I’d usually have a laugh at this, but discussing the local undo fiasco just always makes me sad and frustrated. 😥 

Ah hell, it’s still funny.


----------



## Grizzlymv (Jun 8, 2022)

Lionel Schmitt said:


> The problem with force quitting is that some settings are not saved. So when I update my media bay or edit key commands, or render in place settings, more subtle stuff like that - it's gone when force quitting. Which lead me to opening up empty projects just to make these changes and being able to close Cubase.
> Just a random note regarding the issue in case some people had this happening without connecting the dots.
> Could be just on my end, but in this case that seems unlikely. Perhaps Cubase writes certain info into the system upon closing.


That's exactly what I do too. Open an empty project, do all my settings, closing Cubase which it does properly, and then open my normal project with all my proper settings. A bit annoying, but it's a functional workaround. Been doing this since Cubase 9 at least...


----------



## novaburst (Jun 8, 2022)

The local undo seems to be a big deal, must confess never used it, but hearing about it and how useful it is makes me want to check it out in an existing Cubase 10, 

I would also say it may have been the course of some sort of instability and perhaps quietly removed,


----------



## tressie5 (Jun 8, 2022)

Yeah, I remember it now. I believe this was back in Cubase 5.5.


----------



## artinro (Jun 8, 2022)

It’s one of those features I can’t imagine working without now that I’ve experienced it (why I’ve stayed on v10). If you’re tweaking, say, an oboe part then you realize you need to adjust the flute to fit properly, but then you decide adjusting the flute was really all you needed and the oboe was perfect to begin with….super easy with local undo. Many more steps without it. Over the course of a lot of orchestral music, that time adds up in a massive (unacceptable for me) way.


----------



## Emmanuel Rousseau (Jun 8, 2022)

artinro said:


> It’s one of those features I can’t imagine working without now that I’ve experienced it (why I’ve stayed on v10). If you’re tweaking, say, an oboe part then you realize you need to adjust the flute to fit properly, but then you decide adjusting the flute was really all you needed and the oboe was perfect to begin with….super easy with local undo. Many more steps without it. Over the course of a lot of orchestral music, that time adds up in a massive (unacceptable for me) way.

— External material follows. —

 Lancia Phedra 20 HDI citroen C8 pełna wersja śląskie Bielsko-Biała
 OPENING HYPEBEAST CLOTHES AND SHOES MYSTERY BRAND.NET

Yes, it was also literally a godsend when trying different voicings on a dense orchestration. Life was good back then...


----------



## artinro (Jun 8, 2022)

Emmanuel Rousseau said:


> Yes, it was also literally a godsend when trying different voicings on a dense orchestration. Life was good back then...


So so many use cases. That’s another perfect example. I’m baffled that more cubase users weren’t upset by the loss of this feature. At least not enough to cause Steinberg to bring it back. It’s kept me from paying them for upgrades.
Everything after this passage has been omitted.